Imputers are the components that provide data imputation capabilities. It might be that some computation on a point cloud yields a not valid output, for instance a Not a Number (NaN) value. In those cases, we could benefit from adding some imputer to our pipeline.

For example, one typical step in many point cloud processing pipelines consists of computing geometric features (see GeometricFeaturesMiner). In doing so, many 3D neighborhoods are analyzed by the Singular Value Decomposition (SVD) of a \(\pmb{X} \in \mathbb{R}^{m \times 3}\) matrix representing the \(m\) points of the neighborhood.
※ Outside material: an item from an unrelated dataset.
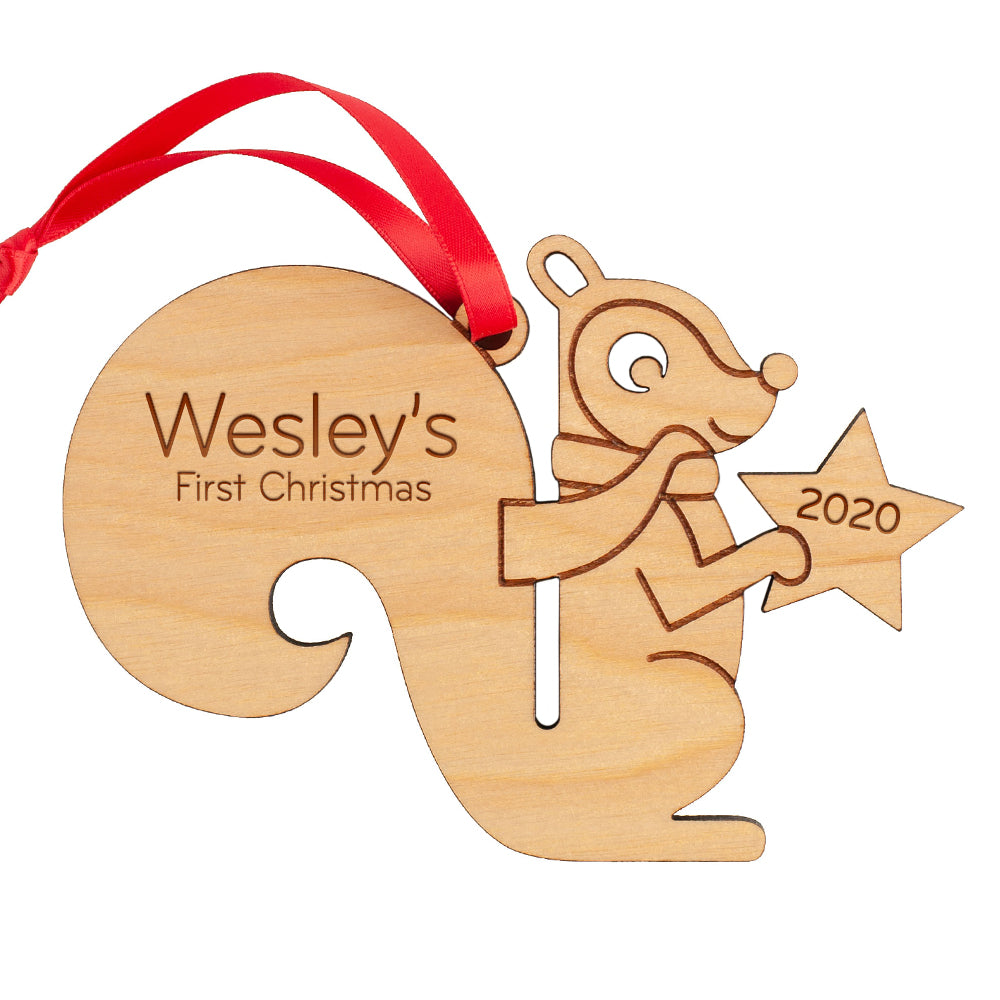 Christmas Ornament - Wood Squirrel (personalized)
The SVD yields the following factorization \(\pmb{X} = \pmb{U}\pmb{\Sigma}\pmb{V}^\intercal\) from where the \(\pmb{V}^\intercal\) singular vectors and the \(\pmb{\Sigma}\) singular values can be used to derive linearity, planarity, sphericity, and other geometric features.
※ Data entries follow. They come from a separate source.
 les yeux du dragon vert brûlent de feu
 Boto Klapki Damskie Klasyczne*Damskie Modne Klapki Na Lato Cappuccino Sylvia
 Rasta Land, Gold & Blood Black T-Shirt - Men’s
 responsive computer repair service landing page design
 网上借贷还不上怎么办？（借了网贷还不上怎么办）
Note that this factorization on a 3D space will be problematic if there are not at least three linearly independent equations. Fortunately, most points in a dense point cloud have populated enough neighborhoods. However, some points at the boundaries of the point cloud, points from scanning artifacts, or outlier points by whatever reason, might have poorly populated neighborhoods. Consequently, NaN values might appear for some features. In that case, a data imputation strategy will allow us to define what do with problematic features in our pipeline.

Removal imputer

A RemovalImputer defines a target value and removes from the point cloud all the points that contain such value in their features.
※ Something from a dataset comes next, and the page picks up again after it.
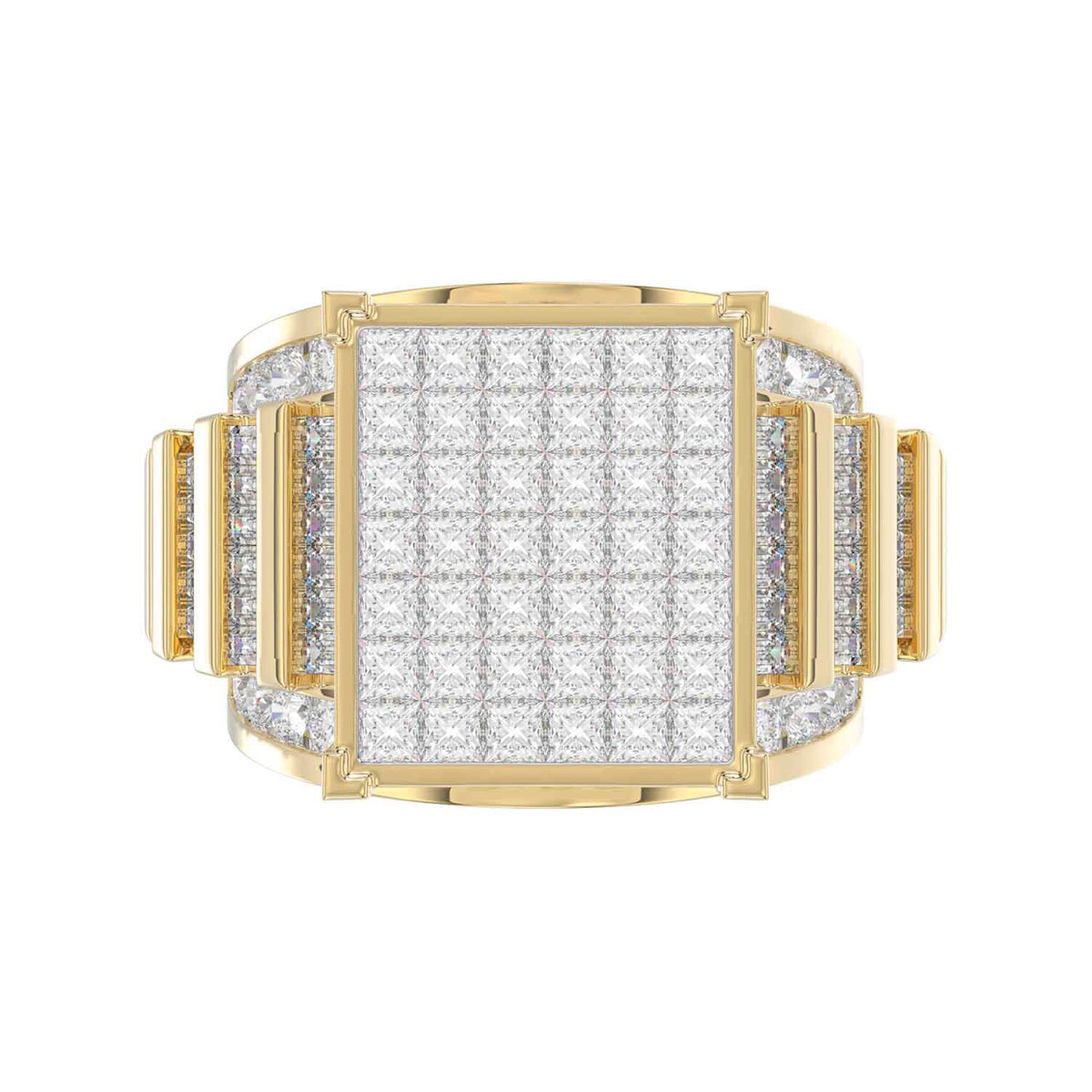 LADIES RING 4.00CT ROUND/PRINCESS/BAGUETTE DIAMOND 10K YELLOW GOLD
The JSON below shows an example of RemovalImputer.

{
    "imputer": "RemovalImputer",
    "fnames": ["AUTO"],
    "target_val": "NaN",
    "impute_coordinates": false,
    "impute_references": false
}

In the JSON above the target value is NaN and all the features considered at the current state of the pipeline will be considered when searching for the target value ("AUTO").

Arguments

– fnames: It can be an arbitrary list of feature names specifying what features consider. Alternatively, it can be a list containing the string “AUTO”. In this case, the feature names will be automatically derived. Typically, the features that were considered by the most recent component that interacted with the features will be selected.
– target_val: It can be the “NaN” string (it will be understood as NaN), or any integer or decimal number.
– impute_coordinates: Boolean flag to specify whether to impute the point-wise coordinates (true) or not (false, default).
– impute_references: Boolean flag to specify whether to impute the reference values (true), e.g., classes, or not (false).

Univariate imputer

A UnivariateImputer defines a target value and replaces it considering the values for that feature that do not match the target value. It is called univariate because it operates on each feature independently. For example, if we have a feature for five points with values \((0.3, 0.1, 0.1, \mathrm{NaN}, 0.5)\) we could use a mean-based univariate imputer to achieve \((0.3, 0.1, 0.1, 0.25, 0.5)\).

The JSON below shows an example of UnivariateImputer.

{
    "imputer": "UnivariateImputer",
    "fnames": ["AUTO"],
    "target_val": "NaN",
    "strategy": "mean",
    "constant_val": 0,
    "impute_coordinates": false,
    "impute_references": false
}

In the JSON above the target value is NaN and all the features considered at the current state of the pipeline will be considered when searching for the target value ("AUTO"). The NaN values will be replaced by the mean of the numerical values. The constant_val is not used because the value to replace the NaN is automatically derived as the mean.

Arguments

– fnames: It can be an arbitrary list of feature names specifying what features consider. Alternatively, it can be a list containing the string “AUTO”. In this case, the feature names will be automatically derived. Typically, the features that were considered by the most recent component that interacted with the features will be selected.
– target_val: It can be the “NaN” string (it will be understood as NaN), or any integer or decimal number.
– strategy: It can be any strategy supported by sklearn.impute.SimpleImputer as a strategy parameter. See sklearn SimpleImputer.
– constant_val: Defines the new value when the strategy is to replace by a given constant value.
– impute_coordinates: Boolean flag to specify whether to impute the point-wise coordinates (true) or not (false, default).
– impute_references: Boolean flag to specify whether to impute the reference values (true), e.g., classes, or not (false).